Parmi les idées majeures de la philosophie positiviste, nous énumérerons en quatrième lieu la foi en l’unité fondamentale de la méthode de la science. Plus que dans les cas précédents, le sens de ce principe appelle diverses interprétations, néanmoins, l’idée même est toujours présente dans les doctrines positivistes. Sous sa forme la plus générale, il s’agit ici de la certitude que les modes d’acquisition d’un savoir valable sont fondamentalement les mêmes dans tous les domaines de l’expérience, comme sont également identiques les principes étapes de l’élaboration de l’expérience à travers la réflexion théorique. Il n’y a donc pas lieu de supposer que les particularités qualitatives des différentes sciences sont autre chose que la manifestation d’un certain stade historique de la science; on peut par contre s’attendre à ce qu’un nouveau progrès conduise peu à peu au nivellement des différences, voire même, comme beaucoup le pensaient, à la réduction de tous les domaines du savoir à une seule et même science. Cette unique science, au vrai sens du terme, serait alors comme on se l’imaginait souvent la physique qui, de toutes les disciplines empiriques, a élaboré les modes de description les plus précis et dont les explications s’étendent aux propriétés et aux phénomènes les plus universels dans la nature, c’est-à-dire à ceux sans lesquels les autres ne peuvent pas se produire. Certes, l’espoir de la réduction de tout le savoir aux sciences physiques, de la traduction de toutes les assertions scientifiques en des thèses relatives aux dépendances physiques dans la nature, ainsi que de la conversion fondamentale de tous les termes en termes de physique, cette hypothèse donc ne résulte pas de la règle positiviste mentionnée si l’on y adjoint pas des présuppositions supplémentaires; par conséquent, la foi en l’unité de la méthode des sciences peut être également explicitée d’une autre manière. Cependant, son interprétation dans les termes ci-dessus est assez commune dans l’histoire du positivisme.
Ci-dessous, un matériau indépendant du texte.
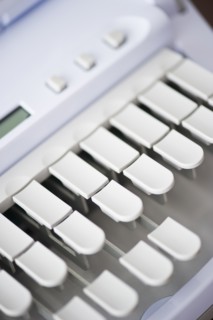 Studio shot of stenograph machine. Photo : Daniel Grill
Autour de ces quatre règles sommairement exposées, la philosophie positiviste a élaboré une vaste problématique s’étendant à tous les domaines de la connaissance humaine. De la manière la plus générale, le positivisme est un ensemble de réglementations régissant le savoir humain et visant à réserver le nom de « science » aux opérations observables dans l’évolution des sciences modernes de la nature. Pendant toute son histoire, le positiviste a dirigé en particulier ses critiques contre les développements métaphysiques de tout genre, donc contre la réflexion qui soit ne peut pas étayer entièrement ses résultats sur des données empiriques, soit formule ses jugements de manière que les données empiriques ne puissent jamais les réfuter. Ainsi, d’après les positivistes, les interprétations du monde aussi bien matérialistes que spiritualistes emploient des mots auxquels ne correspond aucune expérience : à supposer — à l’encontre de ce que pensent les matérialistes — que le monde n’est pas la manifestation de l’existence et du mouvement de la matière, ou encore — à l’encontre de ce que pensent les adeptes des croyances religieuses — qu’il n’est pas contrôlé par une force spirituelle providentielle, nous ignorons après tout par quoi le monde donné alors dans l’expérience serait different de ce qu’il est. Puisque ni le premier ni le second principes ne débouchent sur des conséquences qui nous permettraient de prévoir ou de décrire dans le monde quelque chose en plus de ce qu’il y existe actuellement, il n’y a aucune raison d’accepter l’un ou l’autre. Le positivisme critique donc en permanence aussi bien les interprétations religieuses du monde que la métaphysique matérialiste, et s’efforce de trouver un poste d’observation déblayé de tout présupposé métaphysique. Cette position est délibérément limitée aux règles qui, explicitement ou implicitement, sont adoptées dans l’art de pratiquer les sciences de la nature où les principes métaphysiques ne sont utiles en rien — d’après les positivistes — et où l’on vise à établir les rapports entre les phénomènes, sans approfondir leur « nature » cachée, sans non plus essayer d’établir si le monde « en soi », indépendamment du sujet de la connaissance, possède des propriétés autres que celles qui nous sont données dans l’expérience.